Early reports have indicated that CRP-cAMP may regulate the transcription of genes involved in cell division.  However, it was later established that CRP-cAMP is not essential for cell division [JB].

Even though it was reported that CRP-cAMP regulates the synthesis of enzymes belonging to the tricarboxylic acid (TCA) cycle, the TCA cycle flux does not seem to be affected by the absence of the CRP-cAMP complex [JB].  The effect of CRP-cAMP on the TCA cycle flux was however observed under certain specific conditions [JB].

Finally, novel predicted binding sites have being identified in Escherichia coli that may be functional for CRP [PNAS].  Unknown CRP regulons have also been revealed by using a run-off transcription/microarray analysis (ROMA) [Nucleic Acids Research].  Interestingly, CRP can bind to thousands of different sites without affecting transcription initiation of genes located within these sites [PNAS].

Visit Regulon DB [Nucleic Acids Research] which contains the E. coli K12 "Regulon CRP" page or, for a listing of CRP-regulated genes with a color-coded score prediction Tractor DB [Nucleic Acids Research].

Escherichia coli cyaA strains lacking adenylate cyclase are viable indicating that cAMP is not essential for survival [JB].  However, because of the transcriptional regulation by CRP-cAMP, cyaA strains (or crp strains lacking CRP) present some unique features.  For example, they do not grow on a large variety of carbon sources including lactose, maltose, galactose, arabinose, glycerol... [Medline], they are not motile and thereby are incapable of chemotactic responses, they are resistant to antibiotics including fosfomycin [AAC], fosmidomycin [Bioscience, Biotechnology, and Biochemistry], nalidixic acid, streptomycin and mecillinam [JB], they are pH-sensitive for growth [JB], and they are better hosts for recombinant expression systems, especially in stationary phase [Medline].

Therefore, by controlling gene expression, cAMP is involved in many aspects of Escherichia coli physiology.

The transcription of the cyaA gene is negatively regulated by CRP-cAMP [JBC Online], as well as the transcription of the crp gene [Medline].  However, in both cases the negative transcriptional control by CRP-cAMP does not seem to cause major effects in vivo, at least under current experimental conditions [Medline].  In particular, it was shown by using gene fusion techniques that neither cAMP nor CRP-cAMP plays a major role in transcriptional or translational regulation of cyaA expression [JB].  In Salmonella typhimurium, transcription of cyaA is also repressed by CRP-cAMP [Genetics].
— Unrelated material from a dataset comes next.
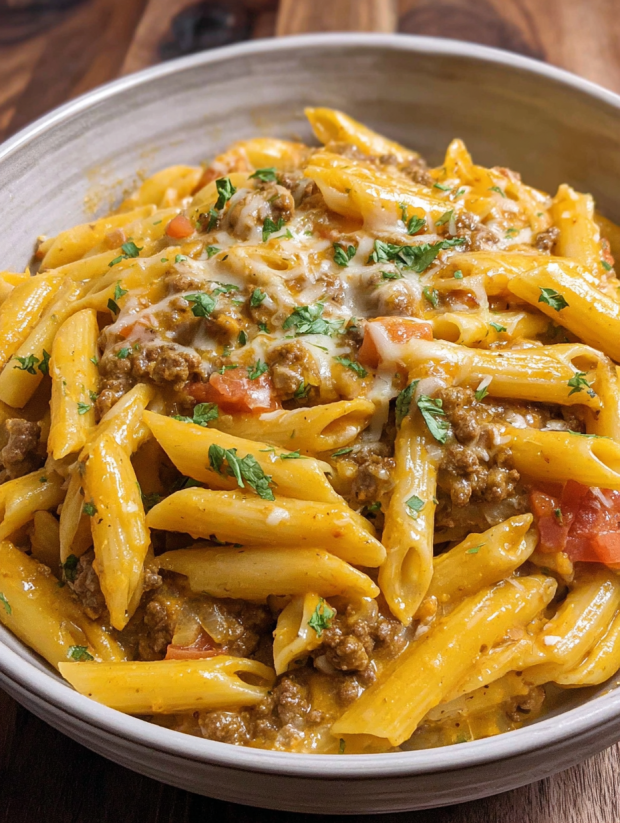 Ein Bild von Pasta mit Queso und Tomaten.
The transcription of crp is additionally regulated by the DNA-binding protein FIS, with both FIS and CRP-cAMP being required for repression of crp transcription [The EMBO Journal].  Incidentally, the study of FIS has lead to the concept of a transcription factor acting as a local "topological homeostat" [Frontiers in Bioscience].  Additionally in vitro studies have indicated that FIS may play a role in catabolite repression [Molecular Microbiology].

The translation of adenylate cyclase mRNA is ineffective [Medline] as to prevent excessive synthesis of adenylate cyclase.  This can be attributed to the fact that overproduction of cAMP is lethal to Escherichia coli possibly due to an accumulation of methylglyoxal [JB] [Microbiology].
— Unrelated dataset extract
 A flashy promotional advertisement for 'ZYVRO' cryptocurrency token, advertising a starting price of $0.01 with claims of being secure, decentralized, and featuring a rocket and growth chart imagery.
Finally, intracellular cAMP concentrations vary with the carbon source used for bacterial growth.  Therefore, any gene whose transcription is regulated by CRP-cAMP may have various levels of expression depending on growth conditions, especially the carbon source available to the bacteria.  Correspondingly, the CRP-cAMP complex has been implicated in the establishment of foraging-like behavior when the carbon source is unfavorable [JBC Online] [Nucleic Acids Research].